HOW TO COMPLETE THIS TASK:
Print every record exactly, but leave out the pictures.

STUDY MATERIAL:
- - - - -

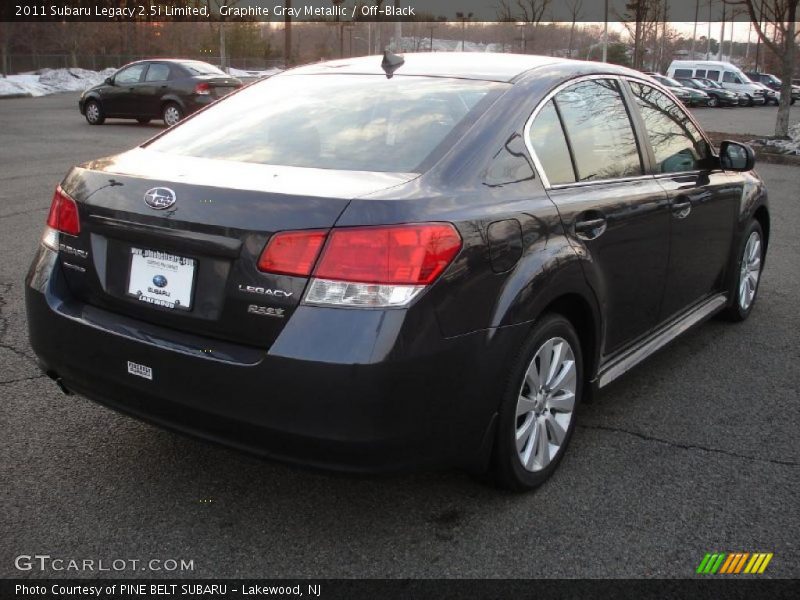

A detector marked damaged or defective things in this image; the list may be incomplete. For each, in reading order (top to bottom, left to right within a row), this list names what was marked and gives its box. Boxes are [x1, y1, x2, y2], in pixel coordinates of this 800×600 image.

pavement crack [580, 422, 796, 468]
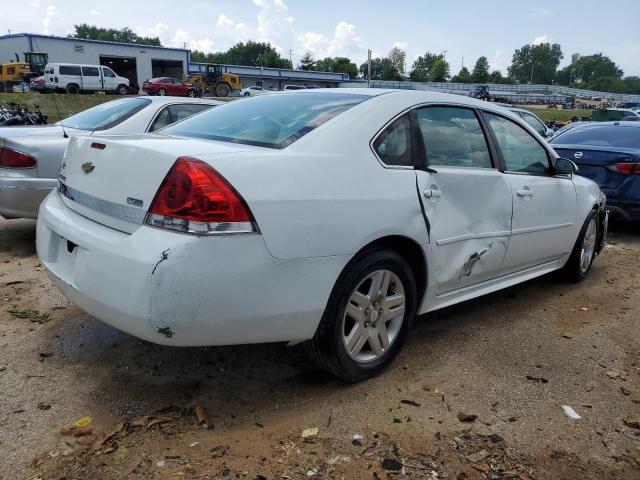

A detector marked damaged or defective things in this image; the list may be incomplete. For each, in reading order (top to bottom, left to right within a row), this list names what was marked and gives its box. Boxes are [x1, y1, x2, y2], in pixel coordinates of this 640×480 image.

dented rear bumper [36, 189, 344, 346]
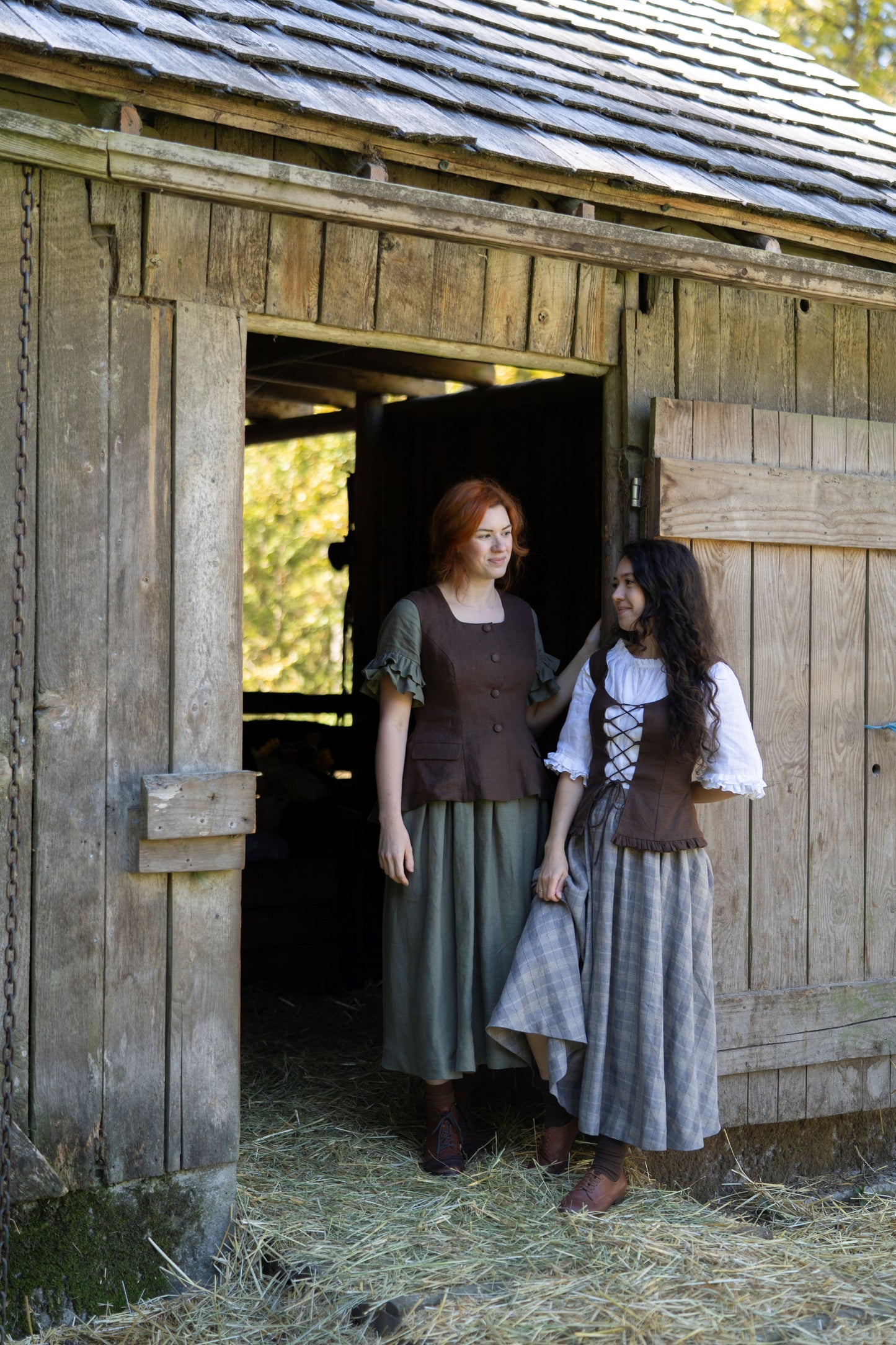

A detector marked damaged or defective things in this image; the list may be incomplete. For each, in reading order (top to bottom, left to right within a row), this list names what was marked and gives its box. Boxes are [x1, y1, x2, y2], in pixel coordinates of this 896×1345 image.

rusty chain link [0, 165, 33, 1345]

- - - - -

SOLVED EXERCISE:
A detector marked damaged or defective things in this image; the list may be incomplete. For each, in reading order (top to bottom, left to right within a row), this list names what was marked and gives its box. Boxes are [x1, y1, x2, y2], in pixel coordinates of this 800×600 image.

pavement crack [580, 422, 796, 468]

A detector marked damaged or defective things in this image; the list may be incomplete. For each, in reading order (top to bottom, left to right within a row), this list names what was marked and gives its box. Boxes are [x1, y1, x2, y2], in pixel coordinates of this 640×480 image.

dented rear bumper [36, 189, 344, 346]

A detector marked damaged or defective things in this image; the list may be incomplete. For each, in reading order (top to bottom, left to right within a row), this list names what was marked and gives its box. Boxes are [x1, y1, x2, y2], in pixel coordinates of this 896×1345 image.

rusty chain link [0, 165, 33, 1345]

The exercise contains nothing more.